- Classification: Protestant
- Theology: Calvinist, Evangelical
- Polity: Presbyterian
- Leader: Takashi Yoshiba
- Associations: was a member of the Reformed Ecumenial Council
- Region: Japan
- Origin: 1946 Tokyo
- Separated from: United Church of Christ in Japan
- Congregations: 220
- Members: 8,000-9,000
- Ministers: 130

= Reformed Church in Japan =

Confessional Calvinist denomination in Japan

The Reformed Church in Japan is a confessional Calvinist denomination in Japan. It was formerly a member of the World Communion of Reformed Churches, but it chose to suspend its membership.

== Origin ==
The Reformed Church in Japan was formed in 1946 in Tokyo. Before Japan entered World War II, all Protestants were forced to unite in one church, the United Church of Christ in Japan. Some congregations with Calvinist background left this denomination to form the Japan Reformed Church. The Christian Reformed Church in North America sent missionaries to support the new denomination. At that time the church had nine pastors and three elders. The Calvinist World Mission has planted two presbyteries and almost 50 new congregations since entering Japan in 1951. CRCNA focuses their efforts on the metropolitan Tokyo area, one of the largest metropolitan areas of the world. The church has now 220 congregations and 8,000-9,000 members. The denomination is growing steadily. However, the congregations are small: the largest has about 210 members and the smallest has about 10 members. It affirms the Westminster Confession of Faith. Sister church relations with the Orthodox Presbyterian Church, the Presbyterian Church in Korea (Koshin), and the Reformed Church in the United States were established.
The Orthodox Presbyterian Church(USA) works with a presbytery of the Reformed Church in Japan in church planting and evangelism. The OPC provides a professor for the Kobe Theological Seminary.

== Structure ==
The church has five presbyteries, namely Northeastern, Shikoku, Western, Central and Tobochu.

Northeast Presbytery includes churches in Kyoto, Osaka, Shiga, Hyogo, Nara, Wakayama, Fukui, Tottori, Shimane, Hiroshima, Yamaguchi, Fukuoka, Saga, Nagasaki, Kumamoto, Oita, Miyazaki, Kagoshima and Okinawa.

Shikoku Presbytery churches are in Tokushima, Kagawa, Ehime, Kochi and Okayama Prefecture.

Central Presbytery has congregations in Gifu, Shizuoka, Aichi, Mie, Ishikawa, Fukui and Toyama.

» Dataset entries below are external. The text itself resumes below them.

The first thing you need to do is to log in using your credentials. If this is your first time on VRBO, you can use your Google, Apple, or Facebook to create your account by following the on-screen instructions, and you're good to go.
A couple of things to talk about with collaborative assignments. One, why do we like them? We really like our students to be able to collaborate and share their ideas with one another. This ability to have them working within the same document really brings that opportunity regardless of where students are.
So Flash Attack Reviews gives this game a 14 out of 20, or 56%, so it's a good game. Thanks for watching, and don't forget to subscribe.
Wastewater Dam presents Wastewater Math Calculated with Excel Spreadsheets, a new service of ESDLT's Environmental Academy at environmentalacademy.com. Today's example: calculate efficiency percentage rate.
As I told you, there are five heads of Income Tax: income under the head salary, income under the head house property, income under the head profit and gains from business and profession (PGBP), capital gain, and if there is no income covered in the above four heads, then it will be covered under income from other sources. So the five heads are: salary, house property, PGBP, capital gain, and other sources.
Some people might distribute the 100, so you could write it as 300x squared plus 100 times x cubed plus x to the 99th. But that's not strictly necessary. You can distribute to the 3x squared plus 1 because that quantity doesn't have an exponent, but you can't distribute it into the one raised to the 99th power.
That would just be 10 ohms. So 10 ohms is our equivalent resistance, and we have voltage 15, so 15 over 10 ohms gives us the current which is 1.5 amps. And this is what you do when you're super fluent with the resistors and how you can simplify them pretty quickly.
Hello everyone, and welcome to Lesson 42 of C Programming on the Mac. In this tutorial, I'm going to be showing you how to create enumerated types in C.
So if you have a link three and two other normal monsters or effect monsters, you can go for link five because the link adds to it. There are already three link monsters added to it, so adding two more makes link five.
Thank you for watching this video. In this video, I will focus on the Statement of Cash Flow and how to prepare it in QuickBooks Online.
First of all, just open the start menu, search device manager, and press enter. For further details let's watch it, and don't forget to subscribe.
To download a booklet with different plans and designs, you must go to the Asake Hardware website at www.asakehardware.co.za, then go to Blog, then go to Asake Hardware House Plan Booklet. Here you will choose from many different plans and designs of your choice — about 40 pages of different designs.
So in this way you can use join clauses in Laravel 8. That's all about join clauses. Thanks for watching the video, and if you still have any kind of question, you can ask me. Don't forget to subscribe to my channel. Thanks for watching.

Tobuchu Presbytery has congregations in Saitama Prefecture, Kanagawa Prefecture, Greater Tokyo Area, Tochigi Prefecture, Gunma Prefecture and Yamanashi Prefecture.

== Theology ==
In 2004, the denomination had presbyterian-synodal church government with four districts and a Synod. As of November 2014, the denomination allows for the ordination of women. Formerly the church was a member of the Reformed Ecumenical Council.
- Westminster Confession of Faith
- Westminster Larger Catechism
- Westminster Shorter Catechism

== Theological education ==
- Reformed Theological Seminary
- Reformed Theological Institute

== Interchurch relations ==
- Cooperation in mission: Christian Reformed Church in North America, Orthodox Presbyterian Church, PC(USA), Reformed Church in Africa, South Africa, Dutch Reformed Church in South Africa, Koshin Presbyterian Church in Korea
- Friendly relations: Christian Reformed Church in the Philippines, Christian Reformed Church in Myanmar, Christian Reformed Churches in the Netherlands, Reformed Churches in South Africa, Netherlands Reformed Congregations (in the US)
- Fellowship: Presbyterian Church in Japan, Church of Christ in Japan, Reformed Presbyterian Church of North America-Japan Presbytery,

The Reformed Church in Japan was a full member of the Reformed Ecumenical Council. It is an observer in the International Conference of Reformed Churches and the World Communion of Reformed Churches.